VATSC03590 - Identifying a supply: Supplies of services for consideration: Solicitors investing clients’ and other money
It is customary for solicitors in practice to receive and hold money on behalf of their clients. Such money must be paid into a bank account (either current or deposit) and must be kept separate from the practice’s own bank account. The account may be either designated for a particular client or a general, undesignated client account.
Occasionally solicitors may also hold money for non-clients. In this situation the rules in respect of interest payments are the same as for its own clients: that is, it depends on whether or not there is a designated account.
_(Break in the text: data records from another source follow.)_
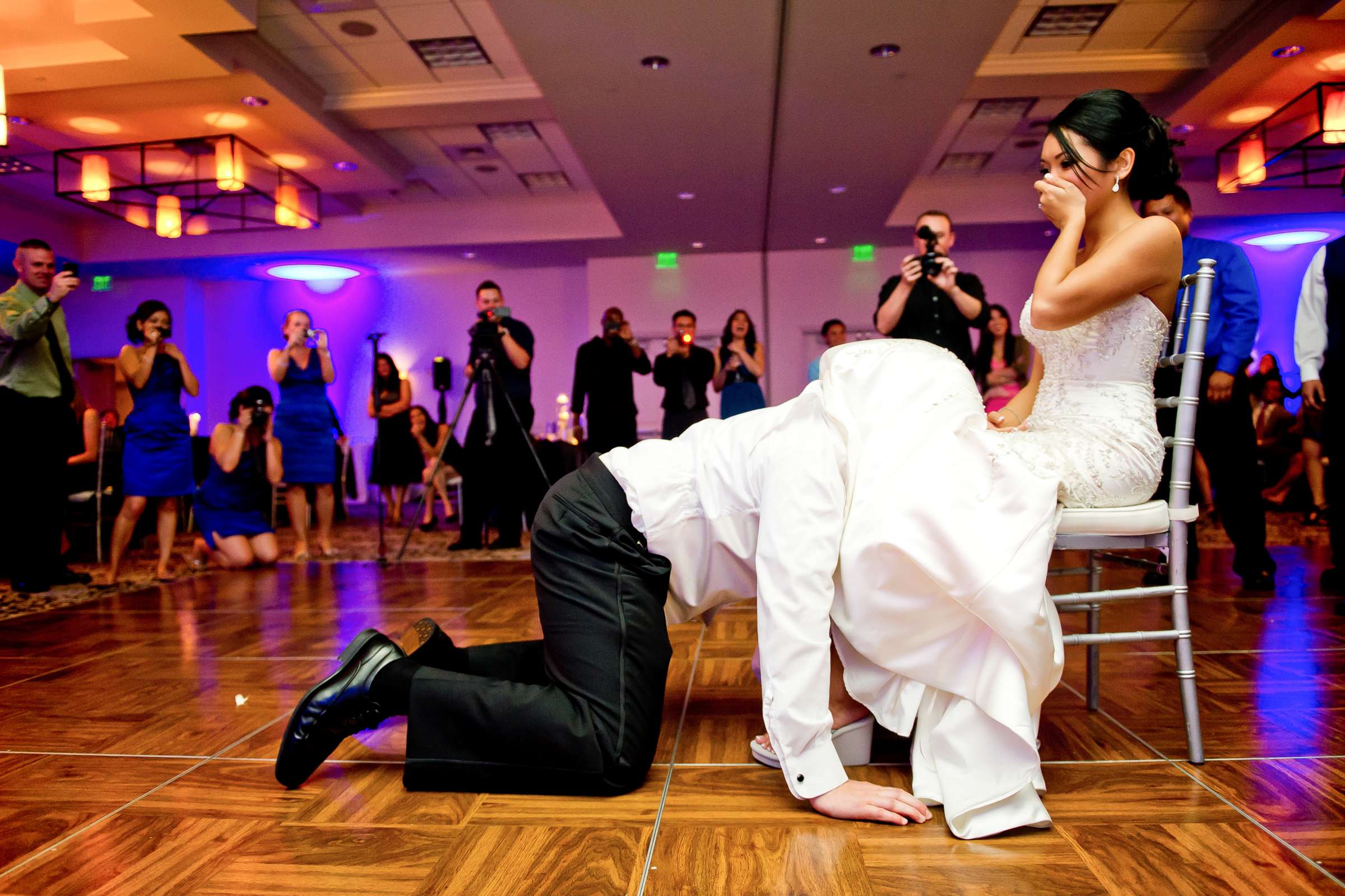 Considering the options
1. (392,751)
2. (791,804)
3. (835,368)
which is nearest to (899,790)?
(791,804)

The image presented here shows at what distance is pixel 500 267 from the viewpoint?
10109 mm

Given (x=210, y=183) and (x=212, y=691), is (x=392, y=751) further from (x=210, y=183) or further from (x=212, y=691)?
(x=210, y=183)

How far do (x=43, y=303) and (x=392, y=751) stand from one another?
3139mm

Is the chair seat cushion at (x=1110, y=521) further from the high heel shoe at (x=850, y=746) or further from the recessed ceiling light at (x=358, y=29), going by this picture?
the recessed ceiling light at (x=358, y=29)

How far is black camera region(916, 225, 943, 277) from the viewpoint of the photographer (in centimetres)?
312

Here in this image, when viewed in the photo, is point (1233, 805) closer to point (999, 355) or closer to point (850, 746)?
point (850, 746)

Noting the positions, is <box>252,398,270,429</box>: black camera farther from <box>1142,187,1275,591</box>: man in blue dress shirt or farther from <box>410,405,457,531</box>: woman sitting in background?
<box>1142,187,1275,591</box>: man in blue dress shirt

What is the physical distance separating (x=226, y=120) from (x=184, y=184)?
630 millimetres

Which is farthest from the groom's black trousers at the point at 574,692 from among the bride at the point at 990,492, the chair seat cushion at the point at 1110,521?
the chair seat cushion at the point at 1110,521

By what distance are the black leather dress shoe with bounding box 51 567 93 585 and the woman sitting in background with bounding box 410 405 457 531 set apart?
299 centimetres

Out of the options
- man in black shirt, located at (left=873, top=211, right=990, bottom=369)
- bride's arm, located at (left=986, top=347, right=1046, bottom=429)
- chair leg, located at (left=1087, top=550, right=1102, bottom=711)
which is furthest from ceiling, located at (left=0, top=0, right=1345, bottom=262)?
chair leg, located at (left=1087, top=550, right=1102, bottom=711)

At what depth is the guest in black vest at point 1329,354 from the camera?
3.03 meters

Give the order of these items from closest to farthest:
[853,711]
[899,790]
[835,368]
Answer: [899,790] < [835,368] < [853,711]

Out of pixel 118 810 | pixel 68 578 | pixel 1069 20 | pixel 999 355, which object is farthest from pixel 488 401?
pixel 1069 20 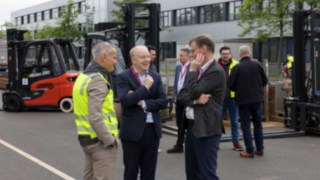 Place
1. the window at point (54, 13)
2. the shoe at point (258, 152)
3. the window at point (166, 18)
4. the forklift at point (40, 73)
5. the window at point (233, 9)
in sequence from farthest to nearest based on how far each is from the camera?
the window at point (54, 13) < the window at point (166, 18) < the window at point (233, 9) < the forklift at point (40, 73) < the shoe at point (258, 152)

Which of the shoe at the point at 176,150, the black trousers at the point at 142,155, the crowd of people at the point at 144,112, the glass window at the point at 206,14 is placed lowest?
Result: the shoe at the point at 176,150

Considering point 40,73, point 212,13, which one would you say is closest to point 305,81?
point 40,73

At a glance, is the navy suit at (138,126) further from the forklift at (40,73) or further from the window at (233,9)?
the window at (233,9)

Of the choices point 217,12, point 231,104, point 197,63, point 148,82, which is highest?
point 217,12

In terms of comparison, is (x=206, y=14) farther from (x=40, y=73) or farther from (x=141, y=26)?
(x=141, y=26)

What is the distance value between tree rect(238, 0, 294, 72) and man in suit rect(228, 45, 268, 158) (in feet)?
97.4

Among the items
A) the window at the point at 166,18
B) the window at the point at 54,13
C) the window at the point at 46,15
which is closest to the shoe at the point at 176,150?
the window at the point at 166,18

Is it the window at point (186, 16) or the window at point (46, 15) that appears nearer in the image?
the window at point (186, 16)

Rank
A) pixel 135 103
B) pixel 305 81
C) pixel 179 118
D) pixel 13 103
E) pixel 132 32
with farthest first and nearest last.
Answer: pixel 13 103
pixel 132 32
pixel 305 81
pixel 179 118
pixel 135 103

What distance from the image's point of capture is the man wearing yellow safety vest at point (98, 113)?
492cm

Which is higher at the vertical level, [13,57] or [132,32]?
[132,32]

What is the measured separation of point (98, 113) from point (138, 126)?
858 millimetres

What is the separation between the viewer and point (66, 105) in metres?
17.3

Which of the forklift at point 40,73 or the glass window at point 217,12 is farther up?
the glass window at point 217,12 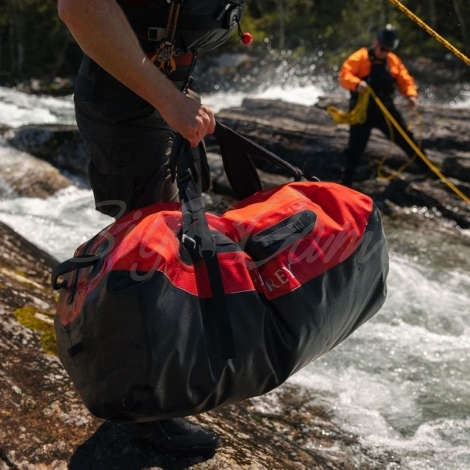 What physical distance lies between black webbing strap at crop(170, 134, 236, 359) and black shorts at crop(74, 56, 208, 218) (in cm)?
31

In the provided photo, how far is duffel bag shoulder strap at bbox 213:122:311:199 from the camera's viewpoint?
8.74 ft

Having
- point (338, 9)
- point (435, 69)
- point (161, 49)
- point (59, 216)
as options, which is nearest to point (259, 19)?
point (338, 9)

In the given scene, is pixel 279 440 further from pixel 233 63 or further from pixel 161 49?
pixel 233 63

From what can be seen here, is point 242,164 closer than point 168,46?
No

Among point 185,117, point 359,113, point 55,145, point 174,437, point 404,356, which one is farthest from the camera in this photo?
point 55,145

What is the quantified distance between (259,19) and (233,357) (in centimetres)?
2455

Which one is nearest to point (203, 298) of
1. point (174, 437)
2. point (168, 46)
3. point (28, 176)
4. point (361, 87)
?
point (174, 437)

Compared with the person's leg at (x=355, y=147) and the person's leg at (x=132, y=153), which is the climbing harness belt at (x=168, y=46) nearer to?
the person's leg at (x=132, y=153)

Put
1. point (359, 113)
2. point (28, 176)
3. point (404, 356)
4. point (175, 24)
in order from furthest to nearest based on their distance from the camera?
point (359, 113) → point (28, 176) → point (404, 356) → point (175, 24)

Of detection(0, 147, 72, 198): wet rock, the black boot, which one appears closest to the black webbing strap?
the black boot

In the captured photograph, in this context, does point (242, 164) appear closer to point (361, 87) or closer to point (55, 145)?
point (361, 87)

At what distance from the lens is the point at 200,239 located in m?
2.12

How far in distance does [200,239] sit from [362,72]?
7.31 metres

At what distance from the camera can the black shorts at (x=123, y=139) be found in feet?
8.32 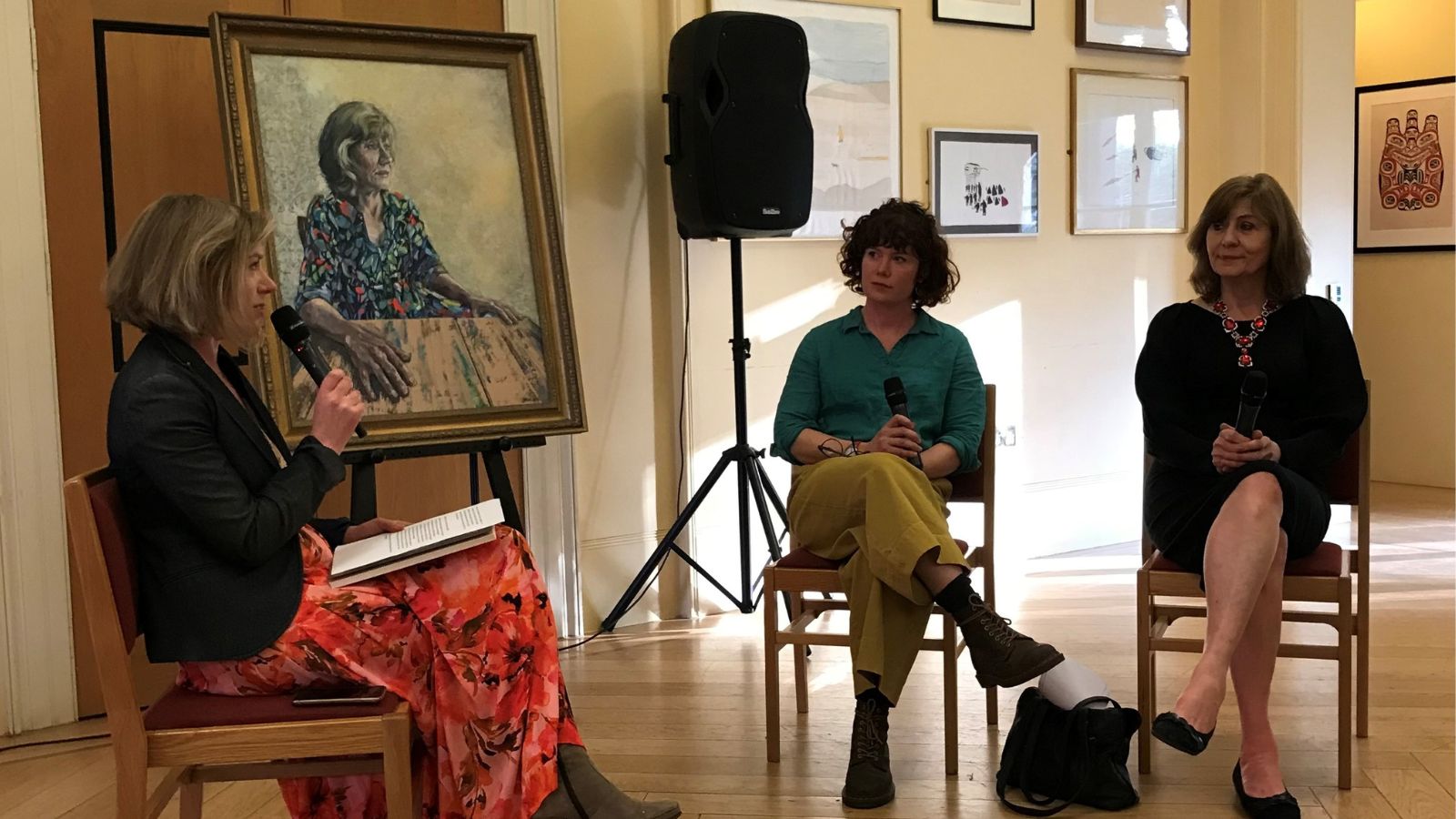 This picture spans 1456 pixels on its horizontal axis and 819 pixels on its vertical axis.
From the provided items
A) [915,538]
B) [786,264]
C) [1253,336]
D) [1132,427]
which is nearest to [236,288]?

Interest on the bank deposits
Where the money belonging to a particular client is deposited in a separate designated account, that client is usually entitled to the interest. When the interest is passed from the solicitor to the client it is a flow of money, not consideration for any supply, and so is outside the scope of VAT.
Where client’s money is held in a general account it is usual for the practice to keep any interest earned from the bank. However, a solicitor may occasionally pass to the client a sum equivalent to the interest that would have been earned if the money had been in a separate designated account.
Any interest earned, either by the solicitor or if it is passed to the client, is regarded as consideration for a supply of services to the bank. The supply is exempt under the VAT Act 1994, Sch 9, Grp 5, item 2. The gross interest received is the amount of the exempt output and may affect the partial exemption calculations of whoever keeps it.